La cosa che non ti aspetti : Davide Giacalone iscritto all'elenco dei "complottisti" come un qualsiasi Giulietto Chiesa !!! Siccome il secondo non lo stimo mentre il primo è un punto di riferimento, immaginate la sorpresa ...La questione riguarda i due Marò italiani tornati in "licenza" dall'India per le feste di Natale, e che dovranno tornare lì il 10 gennaio se nel frattempo non accadrà qualcosa.
Io sono d'accordo con Giacalone quando scrive che tanto spazio e clamore dato al rientro dei due militari non può che essere interpretato in due modi : 1) le nostre autorità hanno motivo serio e concreto di pensarli innocenti ; 2) ce ne freghiamo di come avranno registrato le autorità indiane ( e la popolazione, tramite i loro media) un'accoglienza degna di eroi sottratti (peraltro a tempo e dietro pagamento ) alla giustizia di un paese che evidentemente avvertiamo come NON amico.
E qui nasce la spiegazione "arcana" di Giacalone : la condotta dell'India è troppo strana nella fattispecie ...se non altro la lentezza assurda nel trattare una vicenda dove , anche se più male che bene, abbiamo scomodato tutta la nostra diplomazia, subendo anche diverse mortificazioni...
A distanza di dieci mesi, la Corte Superiore Indiana ancora non è stata capace di decidere a chi tocca la giurisdizione , vale a dire se il processo dovrà essere celebrato in Italia o da loro.
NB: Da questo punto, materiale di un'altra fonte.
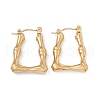 Ion Plating(IP) 304 Stainless Steel Bamboo Trapezoid Hoop Earrings for Women EJEW-B018-06G-1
Roba che manco i nostri giudici bradipi...Senza contare che i nostri magistrati, quando vogliono, sanno correre....e lo stesso vale in tutto il mondo. Se in India si va piano, in un caso del genere, dove qualche parola (ancorché scarsa ) è stata spesa alla fine anche dalla UE e qualche altro amico, è perché lo si VUOLE, non perché sono lenti e inefficienti (lo saranno, nei casi normali, ma sono affari loro ).
Questo è ineccepibile, così come lo è la logica considerazione che non è la condotta di un paese amico, con cui ci sono buoni rapporti internazionali. Ancorché fosse vero che i due Marò abbiano ucciso due pescatori perché imprecisi nel fuoco intimidatorio (sicuramente il peschereccio, per essere colpito, doveva stare TROPPO vicino alla nave italiana) , fai di un incidente per quanto tragico per le famiglie un caso e un incidente diplomatico ? Poco tempo fa è accaduta una cosa simile tra una nave americana e una imbarcazione degli emirati arabi. Se n'è parlato per un giorno, scarso, e gli americani nemmeno hanno chiesto scusa.
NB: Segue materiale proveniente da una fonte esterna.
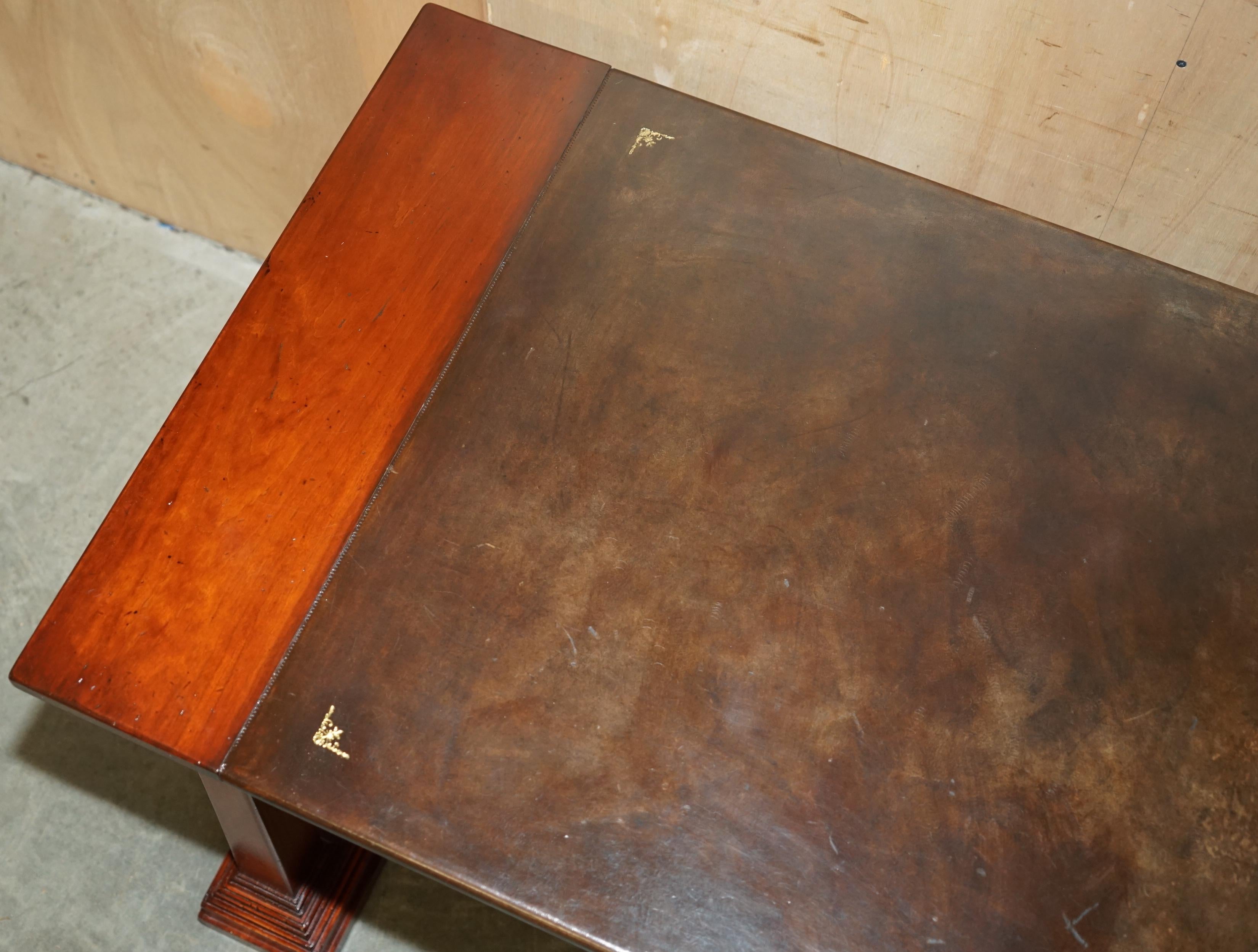 Hand-Crafted VINTAGE HARRODS KENNEDY BROWN LEATHER ARITECTURAL WRiTING TABLE OR DESK For Sale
Quindi qualcosa di più ci deve essere. A suo tempo fu verosimilmente attribuito al periodo elettorale nello Stato del Kerala, dove i Marò erano trattenuti e dove sarebbero processati, del caso. Liberare due militari accusati di aver ucciso due poveri pescatori sarebbe suonato come un intollerabile, per la popolazione, segno di debolezza nei confronti degli stranieri. Per chi ha avuto un passato coloniale secolare, e conseguenti complessi di inferiorità, si comprende che non sia semplice. Ma poi ?
Ed ecco la tesi di FINMECCANICA, il "complotto", la "rappresaglia" ad uno sgarro commerciale...
Suggestivo, anche ipotizzabile, ma le prove ??
Io spero che le cose non stiano così, che l'India abbia problemi di opinione pubblica, specie nel Kerala, e avesse bisogno di far passare del tempo perché l'attenzione scemasse. Temeva che una decisione della Corte che riconoscesse la giurisidizione italiana sollevasse disordini anche gravi, favoriti dalla presenza fisica dei Marò sul suolo indiano, con manifestazioni o peggio tese ad impedire la loro liberazione. Così invece, con la scusa della licenza natalizia e la promessa del ritorno, li hanno fatti rientrare in Italia. Prima del 10 gennaio la Corte si pronuncerà, legittimerà quanto già in essere, e cioè che i due italiani devono essere processati in Italia e quindi non devono tornare, e la gente si arrabbierà ma non potrà più fare caciara per opporsi alle decisioni delle autorità.
Troppo ottimista ? Mi sa di sì. Vedremo.
Buona Lettura
Marò pedine
Non è nostra intenzione disturbare il clima natalizio e,
anzi, auguriamo ai due marò appena rientrati dall’India di passare serenamente
le due settimane di libertà che sono state loro concesse. Ma non è poi così
facile e scontato considerare solo il lato positivo di questa notizia. Credo ce
ne sia uno negativo, che i nostri commentatori non vedono o fanno finta di non
vedere: si dimostra che le autorità indiane non ce l’hanno con i due militari,
ma con l’Italia. Che la contesa non è esclusivamente su una competenza e una
procedura penale, ma sugli interessi dei due Paesi.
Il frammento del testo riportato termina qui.